Image-caption web data:

•••

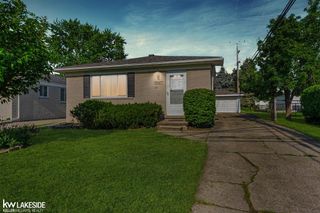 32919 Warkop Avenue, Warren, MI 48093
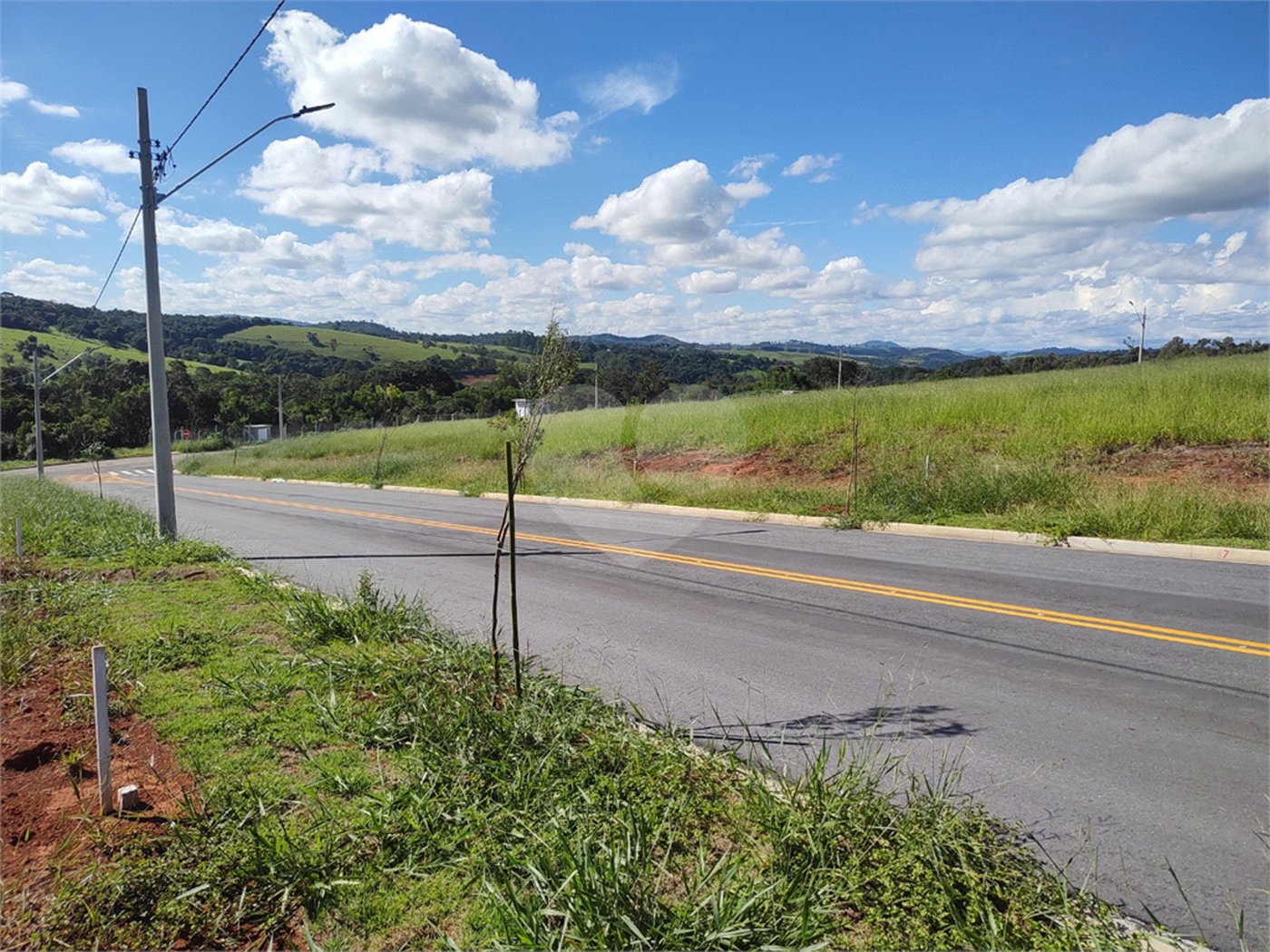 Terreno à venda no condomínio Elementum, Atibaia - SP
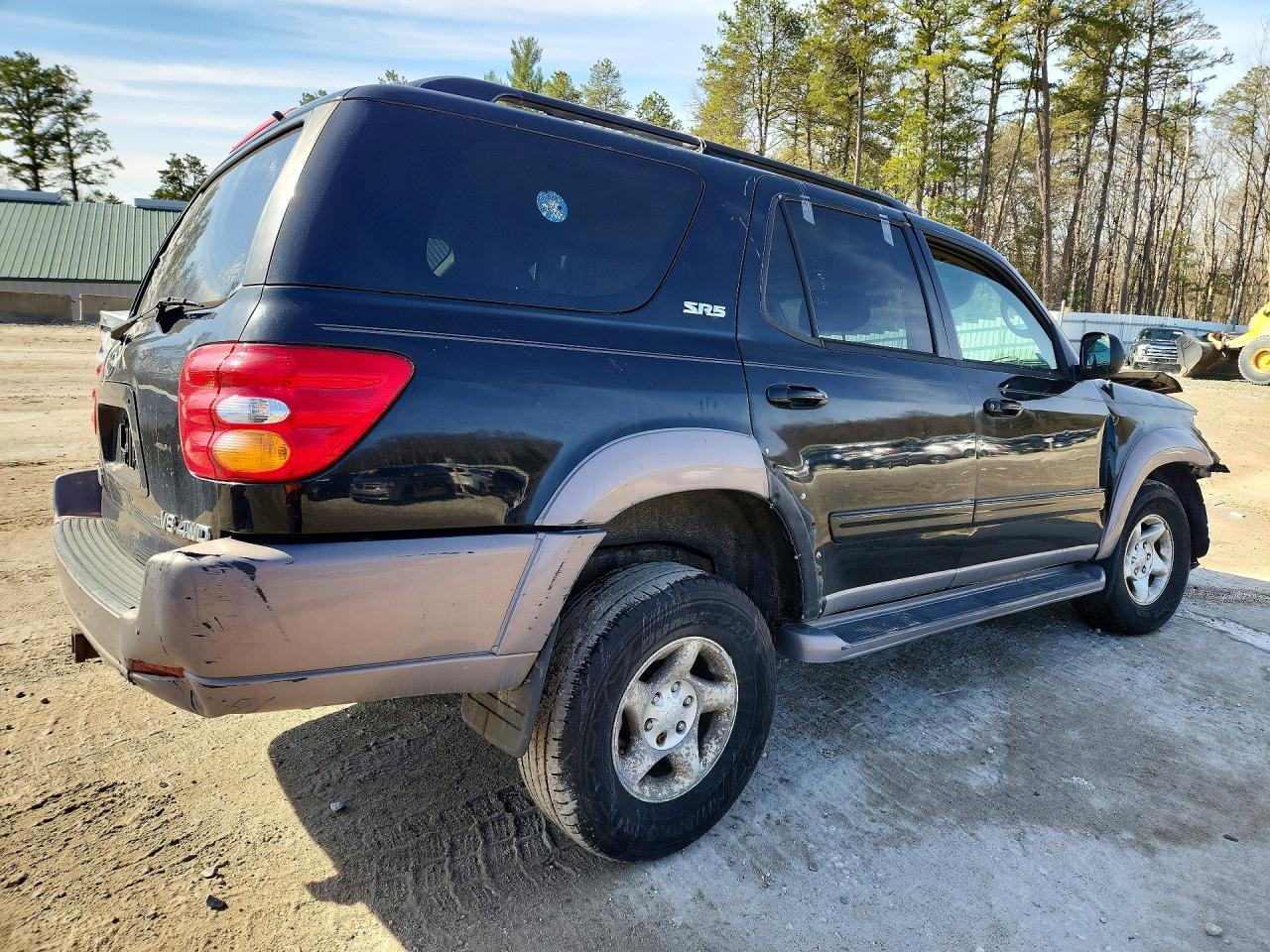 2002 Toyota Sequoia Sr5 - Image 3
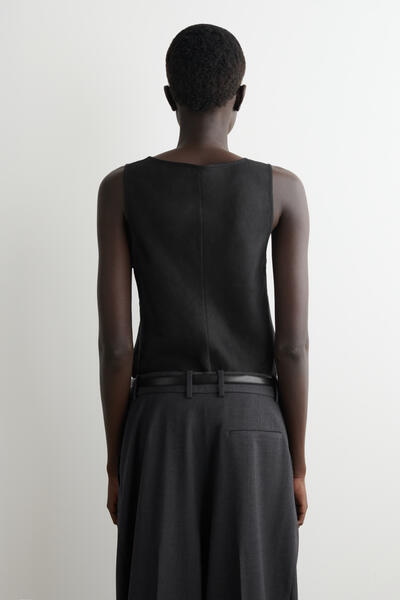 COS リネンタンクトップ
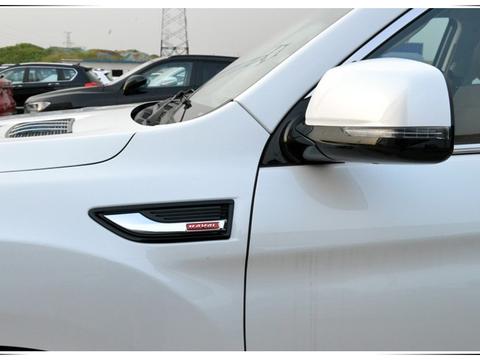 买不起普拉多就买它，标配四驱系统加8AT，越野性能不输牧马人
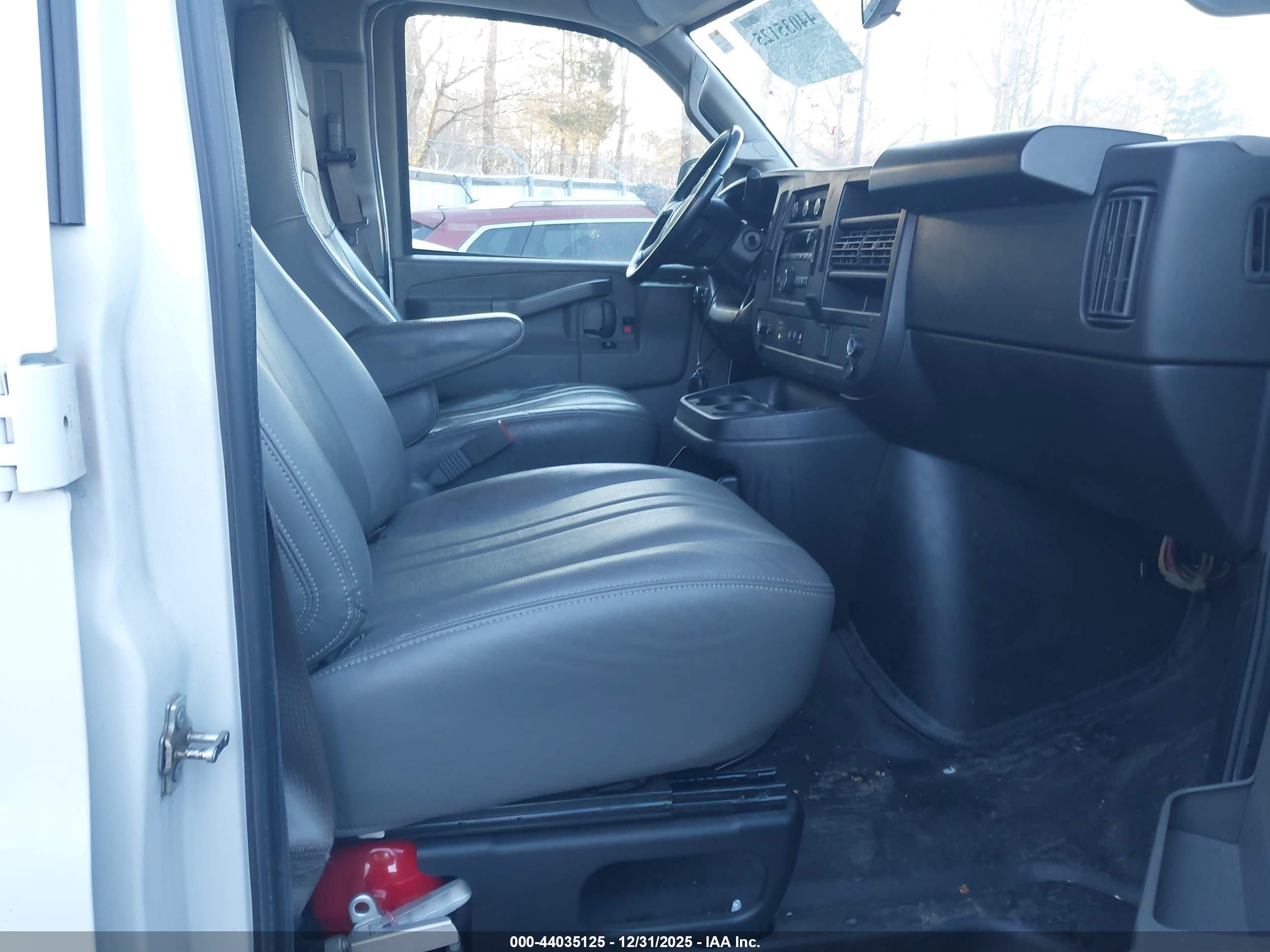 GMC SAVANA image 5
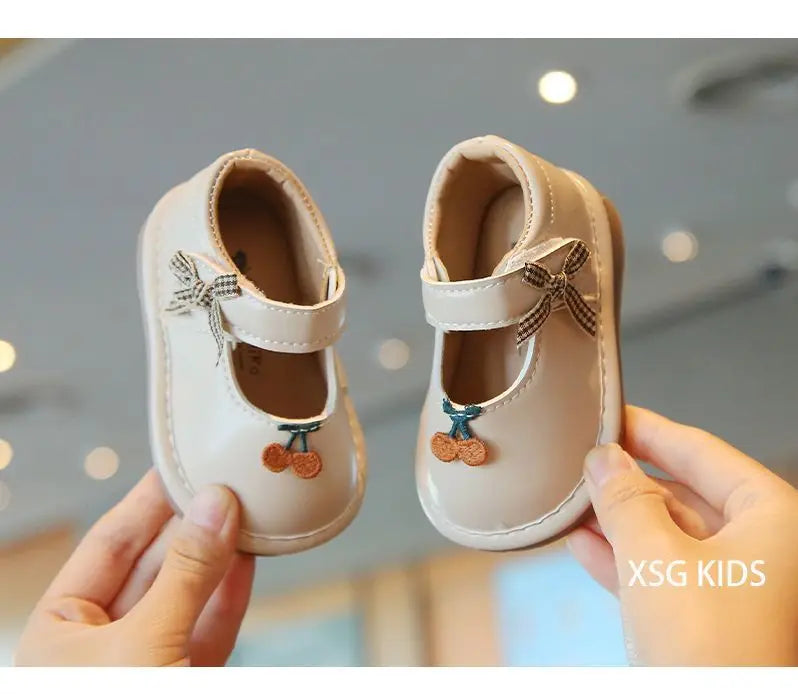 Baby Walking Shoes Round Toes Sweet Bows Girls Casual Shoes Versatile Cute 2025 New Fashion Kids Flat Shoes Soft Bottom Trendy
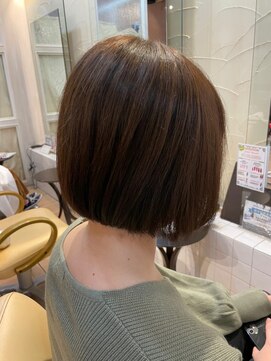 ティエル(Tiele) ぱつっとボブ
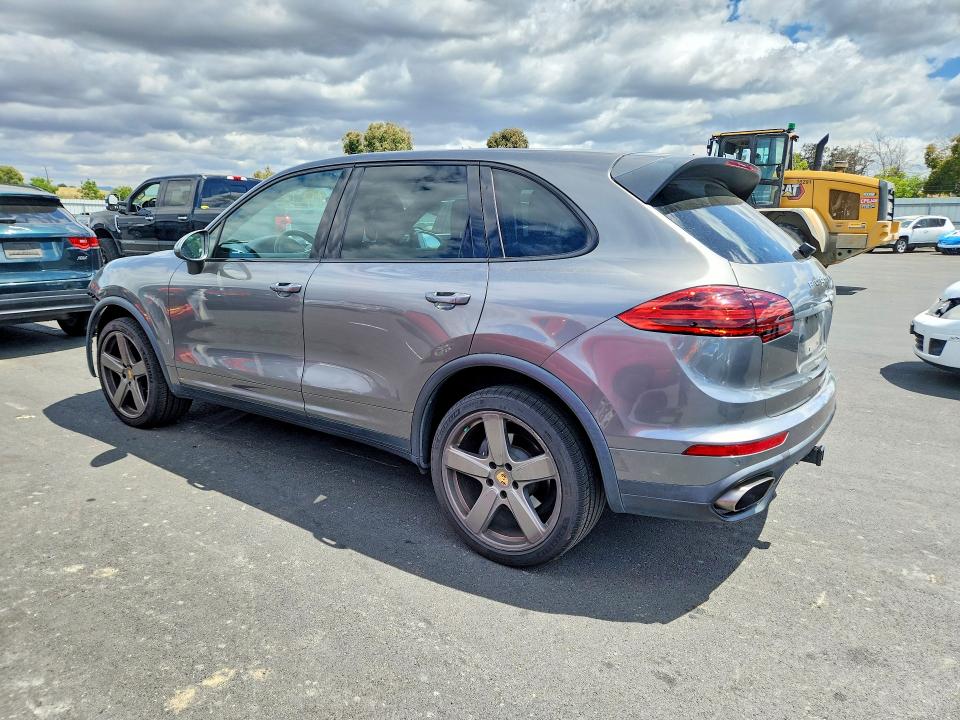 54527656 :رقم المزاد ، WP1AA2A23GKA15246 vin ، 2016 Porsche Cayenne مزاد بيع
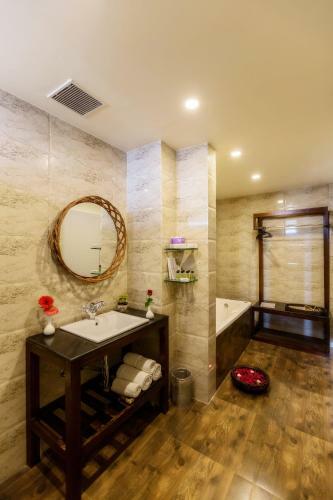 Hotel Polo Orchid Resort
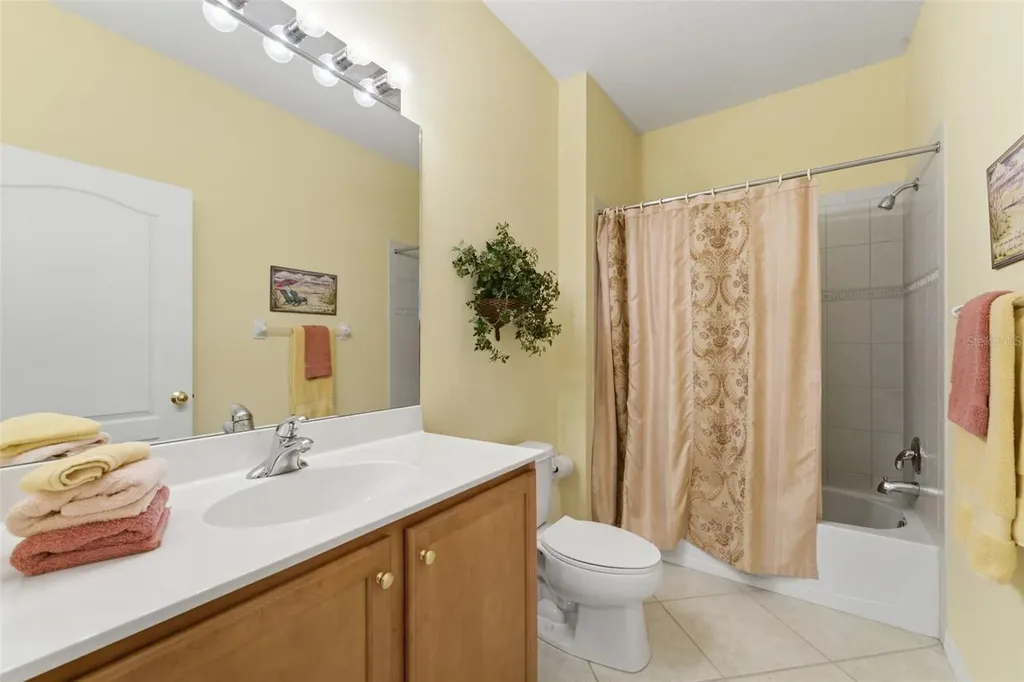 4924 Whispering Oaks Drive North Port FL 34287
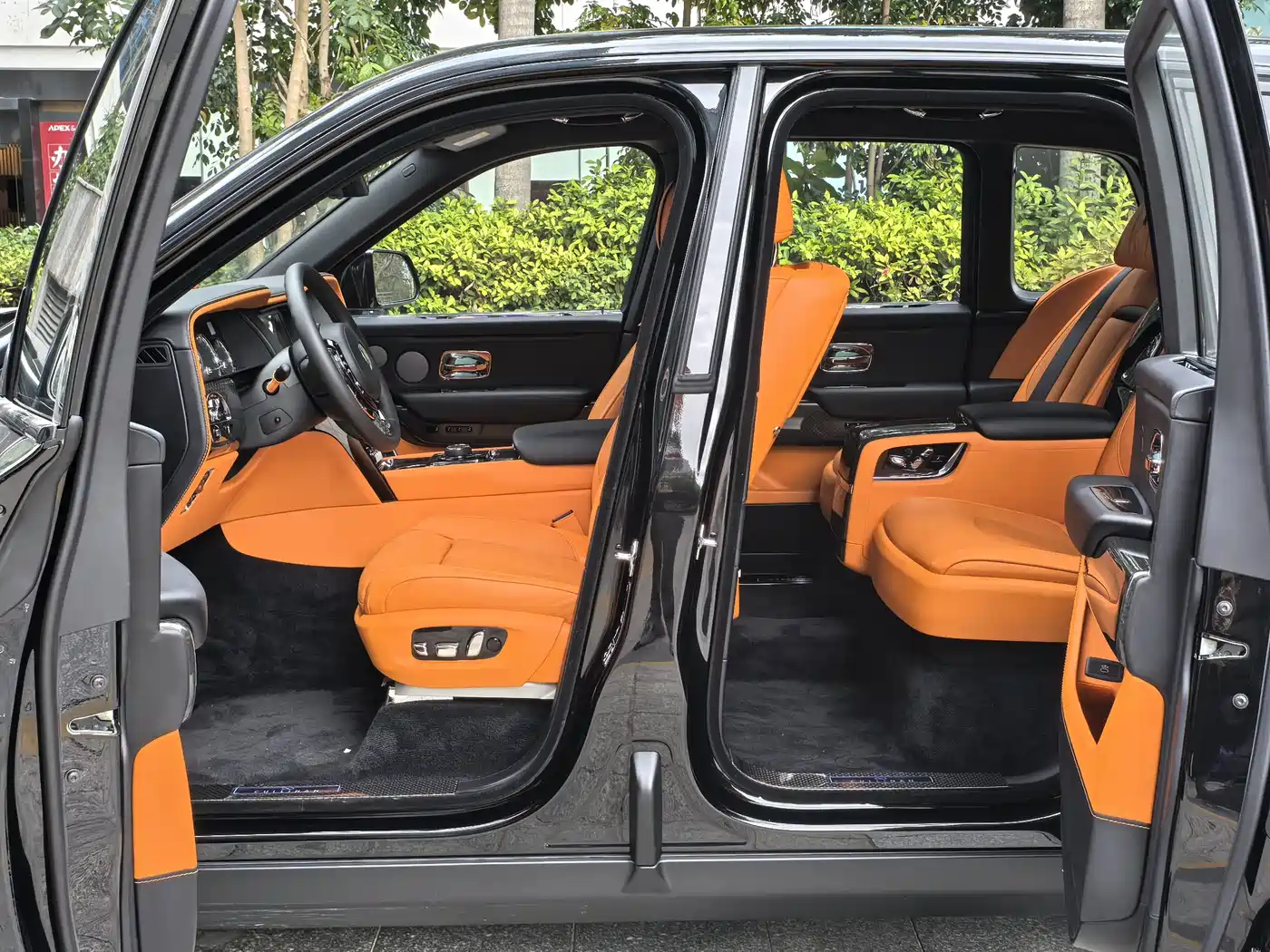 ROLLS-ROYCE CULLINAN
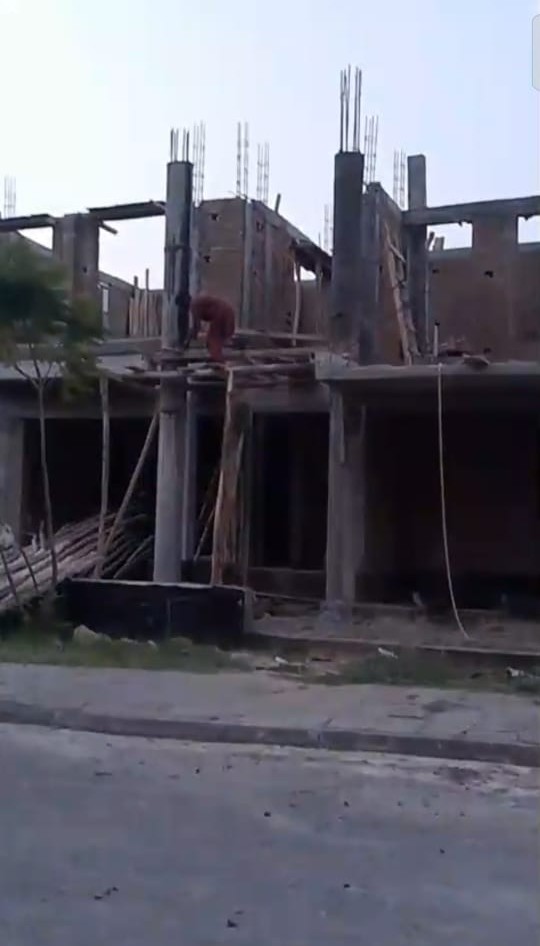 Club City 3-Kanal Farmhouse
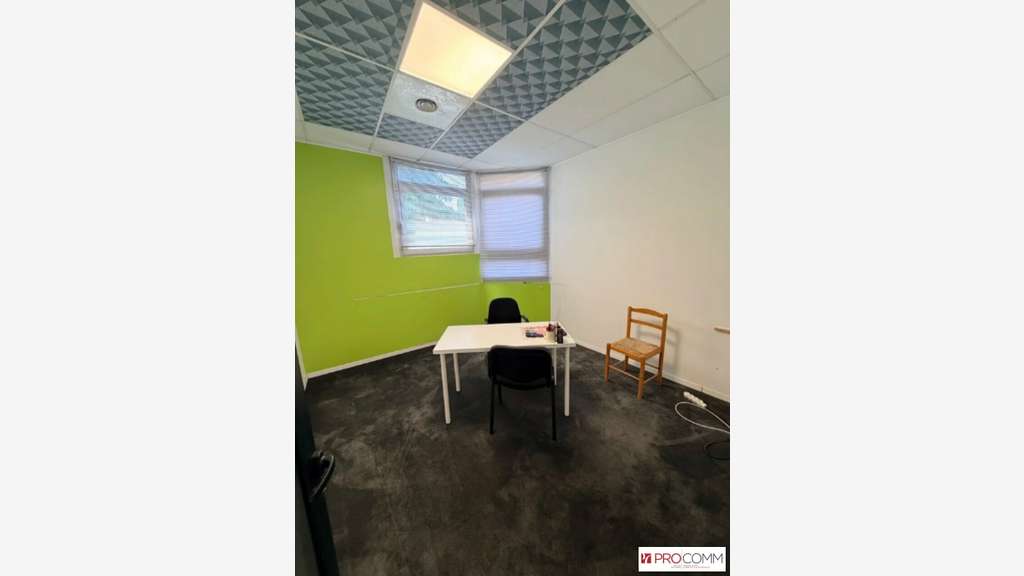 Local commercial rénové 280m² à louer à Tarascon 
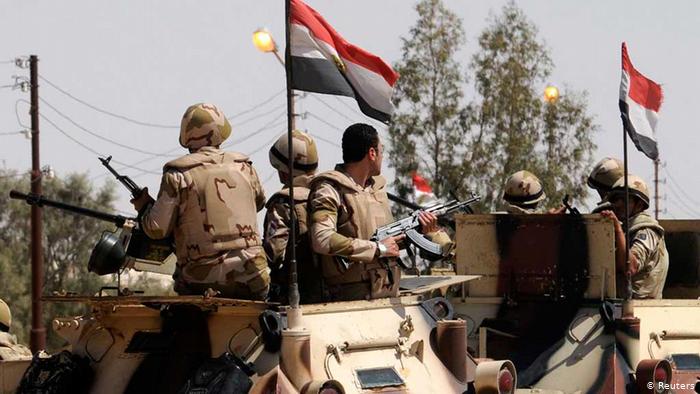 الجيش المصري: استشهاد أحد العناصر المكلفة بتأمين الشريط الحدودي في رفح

•••

_WHAT YOU NEED TO DO:_ Using the records above, repeat exactly the run of lines that starts with the line with "COS リネンタンクトップ" and goes on through the line with "Club City 3-Kanal Farmhouse"; omit each picture.

_FINAL ANSWER:_
 COS リネンタンクトップ
 买不起普拉多就买它，标配四驱系统加8AT，越野性能不输牧马人
 GMC SAVANA image 5
 Baby Walking Shoes Round Toes Sweet Bows Girls Casual Shoes Versatile Cute 2025 New Fashion Kids Flat Shoes Soft Bottom Trendy
 ティエル(Tiele) ぱつっとボブ
 54527656 :رقم المزاد ، WP1AA2A23GKA15246 vin ، 2016 Porsche Cayenne مزاد بيع
 Hotel Polo Orchid Resort
 4924 Whispering Oaks Drive North Port FL 34287
 ROLLS-ROYCE CULLINAN
 Club City 3-Kanal Farmhouse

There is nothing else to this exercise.